Cremation was very slow to take off but it becomes massively more popular after the Great War - in large part due to the fact that so many people bereaved as a result of that war had no actual body of their loved one to bury or resting place to visit, plus burials in a wet miserable winter are made even more grim because of the dreadful weather and a cremation is held inside. The Anglican church says it is okay for its adherents to be cremated - unlike the Catholic Church which didn't give it the okay until the 1960's.

It was advertised as a form of purification and one gentleman attendee talked of how one of his relatives had his wife cremated as she had died of cancer and he wanted the cancer destroyed.

Lawnswood had two chapels - one anglican and one non conformist linked by a walkway and the magnificent Columbarium was built in the 1930's and at the time it was considered the bees knees of storing the ashes of loved ones or remembering them. It is a very beautiful building indeed - solemn and inspiring too.

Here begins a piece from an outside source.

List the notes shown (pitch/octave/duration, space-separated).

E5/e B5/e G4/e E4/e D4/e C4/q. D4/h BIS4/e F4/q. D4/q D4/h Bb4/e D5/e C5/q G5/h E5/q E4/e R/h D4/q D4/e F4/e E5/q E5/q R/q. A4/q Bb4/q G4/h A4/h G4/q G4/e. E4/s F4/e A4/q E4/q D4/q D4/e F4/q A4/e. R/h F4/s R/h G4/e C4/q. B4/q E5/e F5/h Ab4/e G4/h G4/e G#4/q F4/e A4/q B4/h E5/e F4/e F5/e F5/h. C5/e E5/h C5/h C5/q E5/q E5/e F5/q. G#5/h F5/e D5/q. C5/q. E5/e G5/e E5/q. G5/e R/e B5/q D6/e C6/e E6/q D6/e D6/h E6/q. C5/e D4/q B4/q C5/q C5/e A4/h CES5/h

Professor Grainger showed slides which showed plans as well as actual views of the crematoria and also some showing the wars of victorian mortuary supply companies and the insides of crematoria and catafalques (the raised bier used to support the coffin before it is transferred to the furnace) and all showed the victorian morticians fondness for the parlour palm. It seemed no crematoria was complete without one.

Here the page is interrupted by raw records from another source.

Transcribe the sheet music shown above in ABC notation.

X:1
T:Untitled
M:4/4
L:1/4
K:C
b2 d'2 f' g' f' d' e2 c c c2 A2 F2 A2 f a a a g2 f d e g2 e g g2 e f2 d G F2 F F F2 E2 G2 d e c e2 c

The difficulty crematoria have is that they are secular buildings but they also have to appeal to all or none religions and the religious symbolism borrowed from traditional christian chapels both in terms of the outward design and the inward trappings gradually fades out over the years - crematoria today are much more plain and municipal than they were when they first started to be built in the late 1800's - modern crematoria often have viewing areas where you can see the coffin being burnt and blank white walls which can be used as video screens.

I can't remember which crematoria it was but one of them was the first to have a door through which you entered and a door by which you left - which is important now as it means mourners don't bump into one another due to the numbers of people being cremated now as opposed to buried but then it was simply supposed to be symbolic of both the deceased and the mourners moving on.

It was a really interesting evening, made me want to learn more and I hope to get a copy of Professor Graingers book from the library :-)

*this reminds me of a chum who whilst at medical school would ring me up every so often and ask if I fancied going for a drink as she had gotten some money - namely 'ash cash' - the money she earnt by signing an okay for a cremation. I've had many a night in the Florence pub (now demolished but it used to be opposite St James) on 'ash cash' - I do hope that those cremations hid no wrongdoing.

1 comment:

  1. Just remembered the plans for one crematoria which featured a superior class chapel, one of the working class and one for paupers - by the time it was built there was just one chapel for all.